Without using AMP package, the output is:

loss value:  tensor(0.3254, device='cuda:0', grad_fn=<L1LossBackward>)
Inside Conv2d backward
Inside class:Conv2d

grad_input:  <class 'tuple'>
grad_input[0]:  <class 'torch.Tensor'>
grad_output:  <class 'tuple'>
grad_output[0]:  <class 'torch.Tensor'>

grad_input size: torch.Size([2, 16, 256, 256])
grad_output size: torch.Size([2, 16, 256, 256])
grad_input norm: tensor(0.0007, device='cuda:0')
grad_output norm: tensor(0.0007, device='cuda:0')

is finite:  tensor(True, device='cuda:0')
is finite:  tensor(True, device='cuda:0')

and using AMP gives this output:

loss value:  tensor(0.3358, device='cuda:0', grad_fn=<L1LossBackward>)
Inside Conv2d backward
Inside class:Conv2d

grad_input:  <class 'tuple'>
grad_input[0]:  <class 'torch.Tensor'>
grad_output:  <class 'tuple'>
grad_output[0]:  <class 'torch.Tensor'>

grad_input size: torch.Size([2, 16, 256, 256])
grad_output size: torch.Size([2, 16, 256, 256])
grad_input norm: tensor(45.2500, device='cuda:0', dtype=torch.float16)
grad_output norm: tensor(45.2500, device='cuda:0', dtype=torch.float16)

is finite:  tensor(True, device='cuda:0')
is finite:  tensor(True, device='cuda:0')

and to the next layer in the backward pass, the grad is NaN (inf).

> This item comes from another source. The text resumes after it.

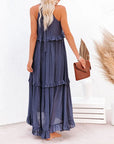 Louise Halter Ruffle Maxi Dress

How can I narrow down the exploding value in this case?
Once again, thank you so much!

ptrblck · June 26, 2021, 8:27pm

You would have to be a bit careful when to check for invalid gradients during mixed-precision training.
The important part is that the forward pass is not creating invalid values, as this would point towards an overflow and you should then narrow it down using the aforementioned forward hooks.
However, based on your description it seems that the forward pass does not yield any invalid values, but anomaly detection triggers during the backward pass.
This is expected for the first few iterations when using the GradScaler with the default scale value.
The loss will be scaled by init_scale=65536.0 initially. This could overflow the gradients, the scaler.step(optimizer) will check for these invalid gradients, skip the optimizer.step() operation, and lower the scale value. The parameters would thus never be updated with the invalid gradients.
If you want to avoid the initially skipped steps, you could set a lower init_scale to avoid this behavior.

With that being said, in your first post you’ve mentioned that the “loss function gave NaN” values, which points towards the forward pass.

ecolss · July 10, 2021, 1:28pm

Why float16 would cause convergence issue for BN?